Creating the Tidy Data Shopping List: Data Modeling Techniques for Efficient Analysis

Milk, Eggs, Data?

Jul 23, 2023

DALL-E | A surrealist painting of a person in a grocery store checkout line with a grocery basked full of mathematical symbols

In my last post, I compared making an insight to baking. In particular, I stressed the importance of thinking about your technology strategy so that analysts have the right ingredients in their kitchen and don’t need to go down to the farm for eggs or butter. These next two posts are going to talk about data modeling strategies for Data Engineers, Analytics Engineers, and Analysts.

Data modeling is the process of designing and structuring data such that it represents a real-world concept, idea, or entity to the best of your ability to achieve a goal. In layman’s terms, it’s getting your data to resemble the world as you see it, enabling you to learn new things through analysis. If your data doesn’t look like “reality” then you either can’t learn new things or the things you learn are going to be wrong.

Data Engineers and Analytics Engineers’ entire job is to model reality. They need to provide high-quality data to analysts in shapes that are useful to them based on their understanding of what is important to the business and to analysts. In our baking metaphor, data engineers need to know that lots of recipes call for eggs so they need to figure out how many chickens coops they need to fill to satisfy that demand.

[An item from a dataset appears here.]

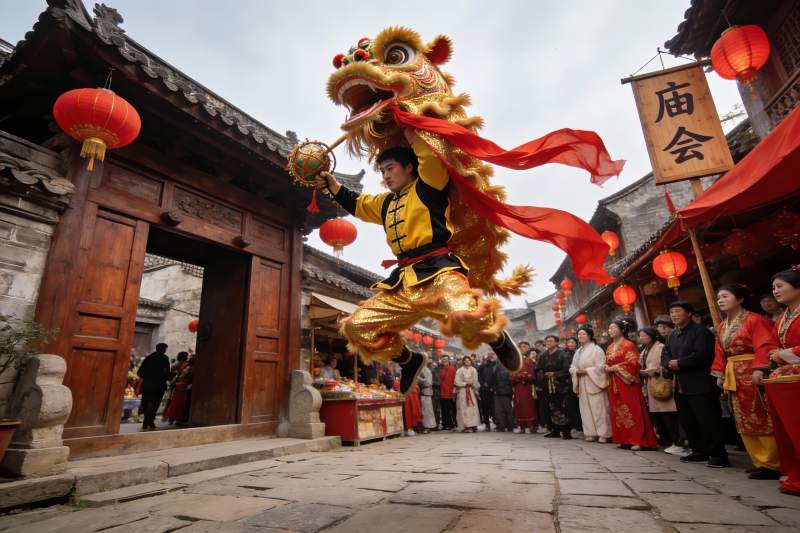 古街舞狮表演热闹非凡图片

I’ve called this “ingredients-making” portion of the data preparation “Data Tidying” after Hadley Wickham’s seminal article on the subject. Wickham outlines the concept of and requirements for tidy data, a “standardized way to link the structure of a dataset (its physical layout) with its semantics (it's meaning).” The main advantage to using consistent tidy data design patterns when creating an analytics layer is that analysts aren’t reinventing the wheel every time they shape data. They can reuse shaping strategies (and even code) whenever they start a new analysis and save their cognitive efforts for telling stories with data. To bakers, no matter the recipe, flour always gets sifted the same way.1

The Tidy Data Shopping List

Wickham asserts that tidy datasets follow 3 rules:

Each variable forms a column.
Each observation forms a row.
Each type of observational unit forms a table.

To understand the above rules, let’s start out by defining the basic physical and semantic structure of a dataset.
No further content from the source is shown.